Caso o governo não tenha dificuldades em avançar nas negociações para a mudança de regras na aposentadoria, o cenário de nenhum aumento na taxa básica de juros em 2019 tende a ganhar ainda mais força, com a Selic permanecendo na mínima histórica por mais tempo. Só que, com a Selic estável no Brasil, enquanto os juros nos EUA crescem, o diferencial de retorno pago entre os dois países tende a manter o dólar para cima.
Tais leituras explicam, em parte, a disparada do dólar para além de R$ 3,90 ontem, no maior valor em um mês e na maior alta diária desde o caso da JBS, em maio do ano passado. A outra fatia refere-se à sazonalidade típica de fim de ano, quando as filiais estrangeiras com sede no país remetem lucros às matrizes no exterior, pesando na cotação por aqui.
Em linhas gerais, o movimento mostra que “o câmbio não gosta de uma Selic baixa”. Ainda mais agora que é crescente a percepção de juros baixos por um período prolongado. Tanto que a arrancada da moeda norte-americana às vésperas do fim do mês levou o Banco Central a anunciar dois leilões de linha (venda com compromisso de recompra) de US$ 2 bilhões, de modo a conter uma pressão adicional do dólar antes da formação da taxa referencial (Ptax).

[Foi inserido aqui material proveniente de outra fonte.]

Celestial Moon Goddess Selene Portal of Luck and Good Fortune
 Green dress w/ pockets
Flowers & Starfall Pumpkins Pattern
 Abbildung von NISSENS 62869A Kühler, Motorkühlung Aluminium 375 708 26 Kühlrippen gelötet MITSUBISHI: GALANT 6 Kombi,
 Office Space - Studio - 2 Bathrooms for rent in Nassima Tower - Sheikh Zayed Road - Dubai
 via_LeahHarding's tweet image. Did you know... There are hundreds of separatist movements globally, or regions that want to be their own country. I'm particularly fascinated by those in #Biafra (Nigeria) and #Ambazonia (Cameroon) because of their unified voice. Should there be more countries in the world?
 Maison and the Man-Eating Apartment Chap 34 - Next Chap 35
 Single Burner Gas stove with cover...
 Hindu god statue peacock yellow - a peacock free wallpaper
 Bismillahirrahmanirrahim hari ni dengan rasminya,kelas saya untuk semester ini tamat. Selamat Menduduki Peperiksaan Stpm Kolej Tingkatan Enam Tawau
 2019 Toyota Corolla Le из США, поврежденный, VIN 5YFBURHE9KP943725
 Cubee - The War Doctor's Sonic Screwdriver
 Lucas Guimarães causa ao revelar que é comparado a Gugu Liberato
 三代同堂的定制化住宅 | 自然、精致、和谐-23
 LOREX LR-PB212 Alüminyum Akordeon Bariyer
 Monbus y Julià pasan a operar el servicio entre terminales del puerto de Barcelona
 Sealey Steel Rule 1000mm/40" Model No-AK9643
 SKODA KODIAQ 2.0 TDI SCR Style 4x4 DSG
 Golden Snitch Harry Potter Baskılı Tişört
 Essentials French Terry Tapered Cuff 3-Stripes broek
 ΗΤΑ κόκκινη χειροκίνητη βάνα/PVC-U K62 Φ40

Ou seja, o mercado financeiro brasileiro está digerindo uma posição técnica antagônica - entre os investidores locais e os estrangeiros - em meio a condições externas hostis e a incertezas sobre o modo do novo governo de conduzir a agenda de reformas. A escassez de recursos em direção aos países emergentes também influencia nos ativos locais. No fim, os investidores buscam proteção onde há liquidez - seja na moeda, seja nos bônus.